Looking for facts can also be helpful in managing social anxiety. For example,
if you're worried that people won't like you if you speak with them, think to
yourself "how would I know if people didn't like me? Would people tell me Im
affable? What does it look like when people don't like other people, and is
that happening to me?" Often how we feel isn't really based in facts, and by
realizing this, it is easier to overcome the feelings that interfere with our
ability to do what we want to do.

------
freediver
Best way to make friends is to be a part of a group doing an intense activity
for a prolonged period if time (1-2 years).

For example join a local sports or esports team.

------
omosubi
There are a few things necessary to make friends: close proximity; repeated,
unplanned interactions; and a setting that encourages people to let their
guard down and confide in one another.
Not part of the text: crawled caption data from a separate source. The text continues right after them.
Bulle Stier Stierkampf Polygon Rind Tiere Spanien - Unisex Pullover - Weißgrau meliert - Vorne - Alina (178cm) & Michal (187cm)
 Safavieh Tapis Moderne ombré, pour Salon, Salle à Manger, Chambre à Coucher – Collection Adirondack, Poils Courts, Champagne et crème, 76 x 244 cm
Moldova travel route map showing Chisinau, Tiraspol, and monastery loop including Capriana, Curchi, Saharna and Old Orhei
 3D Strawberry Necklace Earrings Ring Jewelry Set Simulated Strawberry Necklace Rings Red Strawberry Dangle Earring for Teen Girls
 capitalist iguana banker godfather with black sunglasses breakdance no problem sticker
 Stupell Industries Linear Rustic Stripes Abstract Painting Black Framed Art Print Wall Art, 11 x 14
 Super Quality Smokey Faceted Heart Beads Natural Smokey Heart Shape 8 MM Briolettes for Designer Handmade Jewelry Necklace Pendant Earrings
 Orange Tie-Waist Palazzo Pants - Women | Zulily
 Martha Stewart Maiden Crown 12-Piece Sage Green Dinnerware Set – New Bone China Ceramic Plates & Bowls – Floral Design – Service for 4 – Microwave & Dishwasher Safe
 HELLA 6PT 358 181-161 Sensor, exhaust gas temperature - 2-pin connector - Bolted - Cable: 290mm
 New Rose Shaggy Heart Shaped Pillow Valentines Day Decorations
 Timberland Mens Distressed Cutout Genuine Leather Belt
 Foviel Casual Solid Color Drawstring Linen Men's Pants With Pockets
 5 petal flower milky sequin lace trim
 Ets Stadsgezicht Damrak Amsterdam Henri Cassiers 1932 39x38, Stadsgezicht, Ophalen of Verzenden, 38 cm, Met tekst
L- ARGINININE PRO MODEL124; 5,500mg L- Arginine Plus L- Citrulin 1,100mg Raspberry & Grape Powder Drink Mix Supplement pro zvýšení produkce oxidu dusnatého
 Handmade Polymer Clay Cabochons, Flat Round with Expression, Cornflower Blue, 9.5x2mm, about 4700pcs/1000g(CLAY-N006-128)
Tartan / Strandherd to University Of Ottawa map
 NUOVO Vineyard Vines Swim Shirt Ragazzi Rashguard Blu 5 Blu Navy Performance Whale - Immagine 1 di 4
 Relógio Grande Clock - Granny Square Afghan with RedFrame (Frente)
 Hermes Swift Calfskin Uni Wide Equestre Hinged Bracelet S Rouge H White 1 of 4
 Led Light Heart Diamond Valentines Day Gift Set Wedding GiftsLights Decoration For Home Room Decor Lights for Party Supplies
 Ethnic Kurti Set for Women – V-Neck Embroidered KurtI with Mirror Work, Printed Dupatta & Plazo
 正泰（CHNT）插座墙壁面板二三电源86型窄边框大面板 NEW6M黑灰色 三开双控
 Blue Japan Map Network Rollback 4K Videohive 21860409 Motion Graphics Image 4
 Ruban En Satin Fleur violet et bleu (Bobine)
See here
[https://nyti.ms/MmWvQn](https://nyti.ms/MmWvQn) for more on this. My
suggestion would be to find some hobby you enjoy that allows for frequent
interactions and a space where failing is commonplace. It will take time and
putting yourself out there will be difficult, but hopefully it help you gain
friends. Some possible examples of this include a sport, dancing, cooking,
reading novels and analyzing them, electronics, board or table top games, etc.
Ideally whatever you choose has a lot of social interaction. For me this meant
a climbing gym but I know many people that do the things I listed and have
made friends doing that.

------
itronitron
There are a couple of different approaches, depends on what you are looking
for right now... a) join a volunteer oriented club, b) identify people one-hop
out from your current professional network that you want to engage with and
email them to see if they have time to meet, and c) talk to your neighbors.